◆ Required action ◆
Your copy should match the listing below exactly, except that it holds no images.

◆ Given data ◆
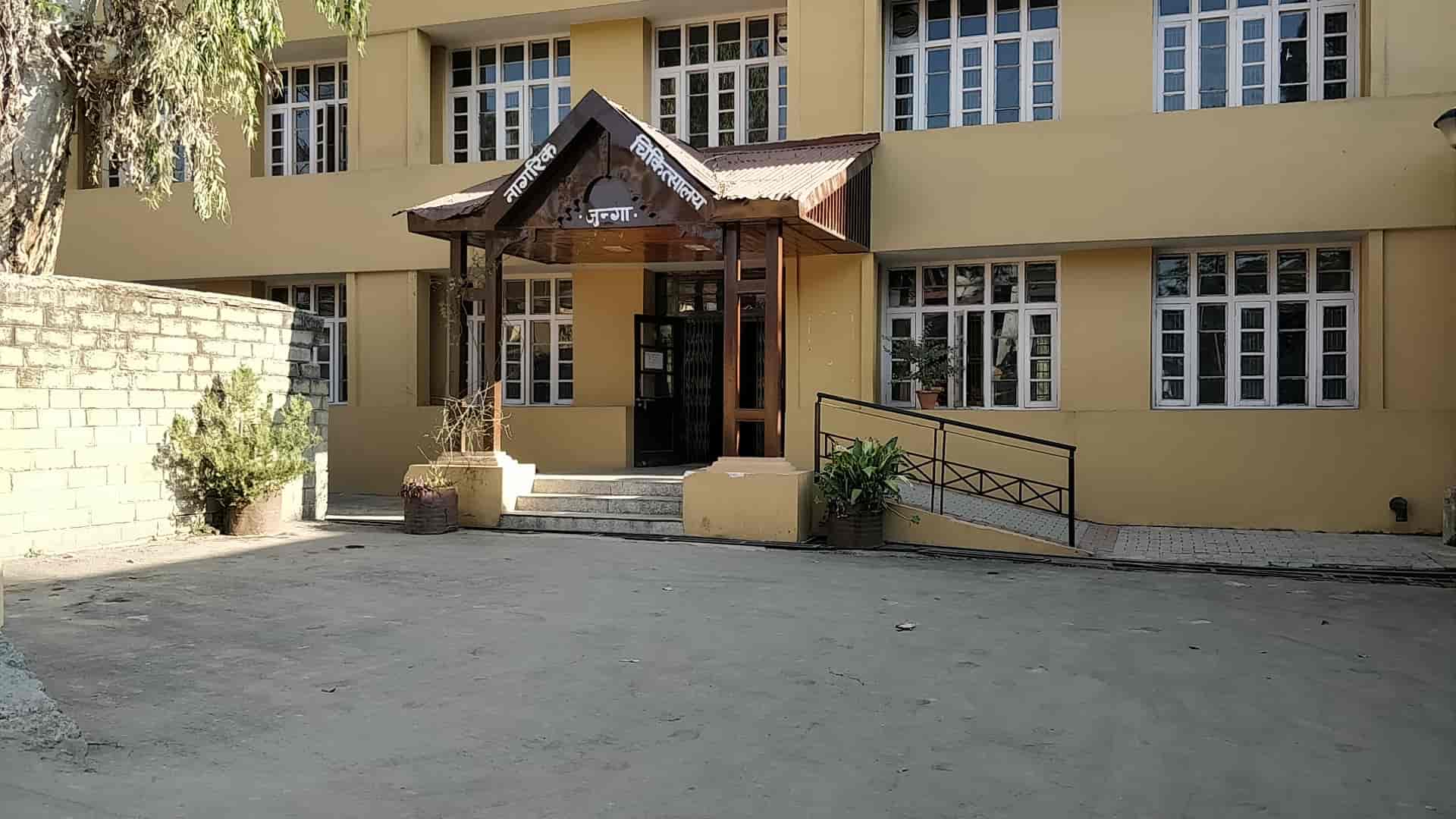 Lab view 12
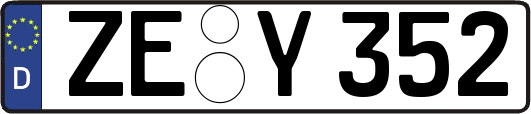 ZE-Y352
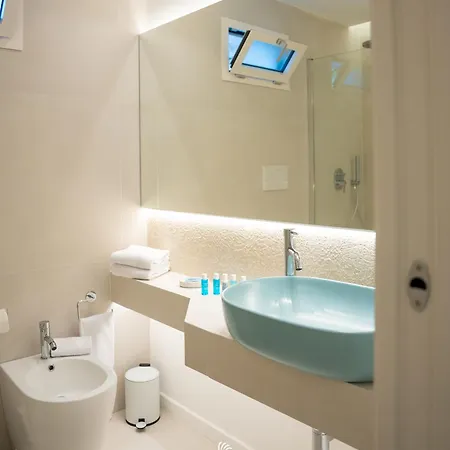 Mare - A Jungle Retreat לינה וארוחת בוקר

◆ Answer ◆
 Lab view 12
 ZE-Y352
 Mare - A Jungle Retreat לינה וארוחת בוקר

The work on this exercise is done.